Required action: Return the material below exactly, but only from the line with "Perruque Amy Deluxe" through the line with "6742 W Hazelwood", and without its pictures.

Records supplied:
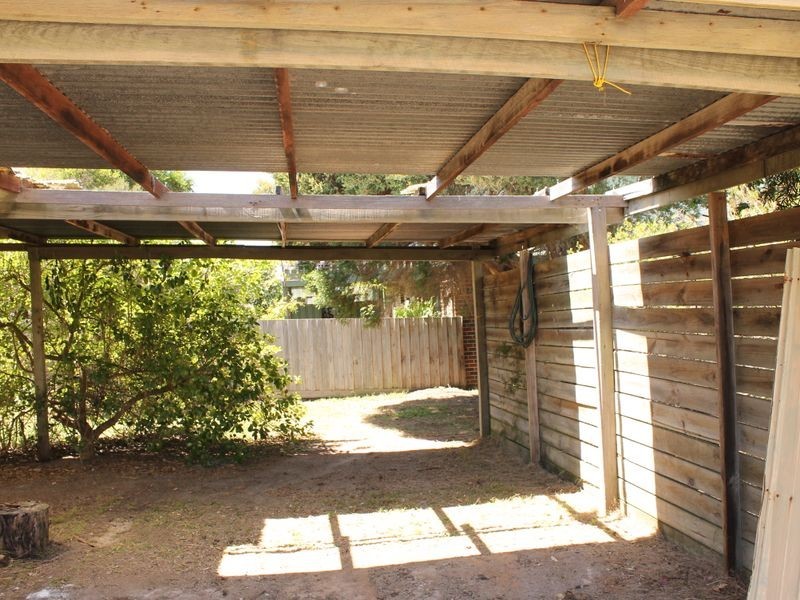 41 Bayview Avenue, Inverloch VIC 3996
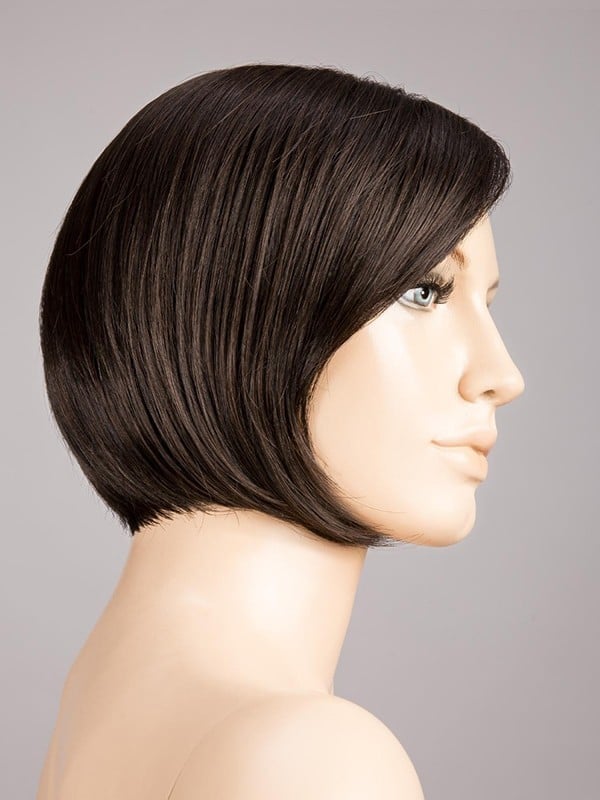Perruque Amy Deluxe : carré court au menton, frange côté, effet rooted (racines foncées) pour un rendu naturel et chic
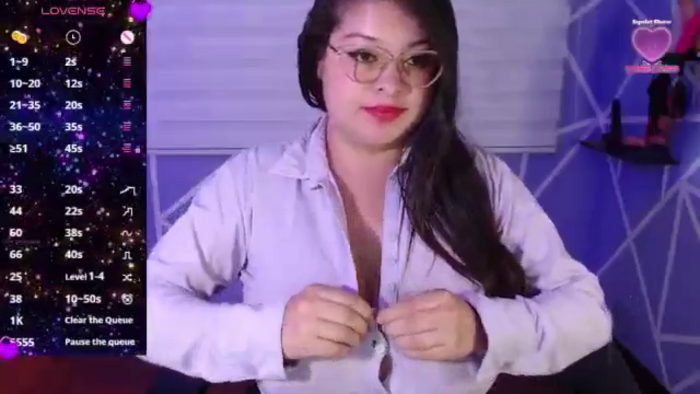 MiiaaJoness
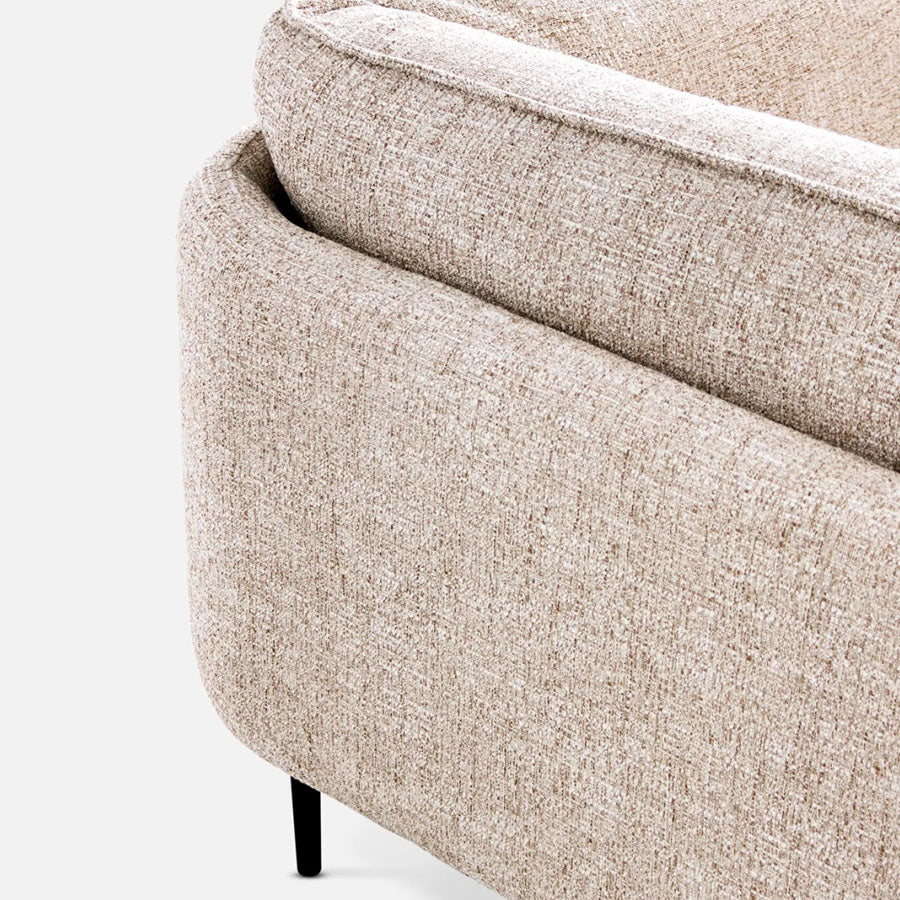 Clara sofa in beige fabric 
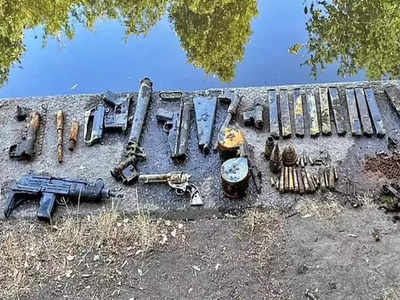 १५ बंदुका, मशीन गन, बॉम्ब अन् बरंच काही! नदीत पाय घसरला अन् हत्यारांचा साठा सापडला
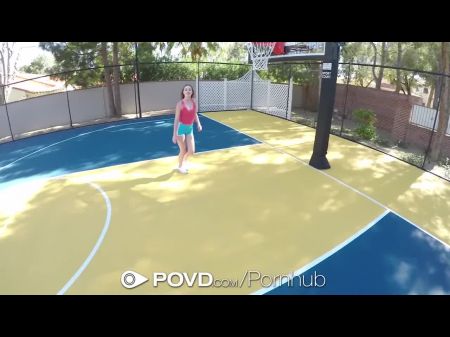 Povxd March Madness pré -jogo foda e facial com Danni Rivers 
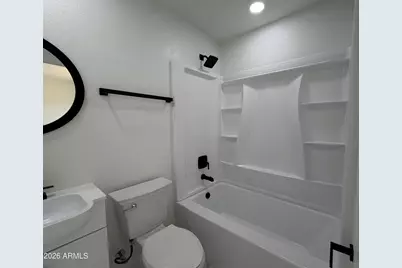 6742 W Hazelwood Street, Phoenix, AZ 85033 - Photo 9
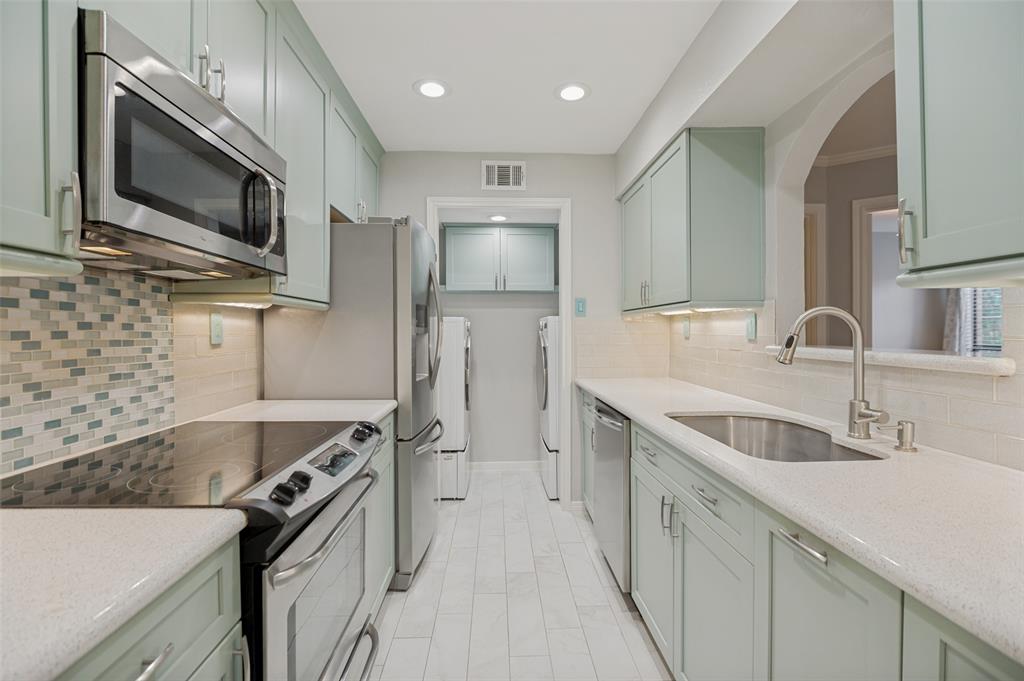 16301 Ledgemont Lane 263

Answer to the problem:
Perruque Amy Deluxe : carré court au menton, frange côté, effet rooted (racines foncées) pour un rendu naturel et chic
 MiiaaJoness
 Clara sofa in beige fabric 
 १५ बंदुका, मशीन गन, बॉम्ब अन् बरंच काही! नदीत पाय घसरला अन् हत्यारांचा साठा सापडला
 Povxd March Madness pré -jogo foda e facial com Danni Rivers 
 6742 W Hazelwood Street, Phoenix, AZ 85033 - Photo 9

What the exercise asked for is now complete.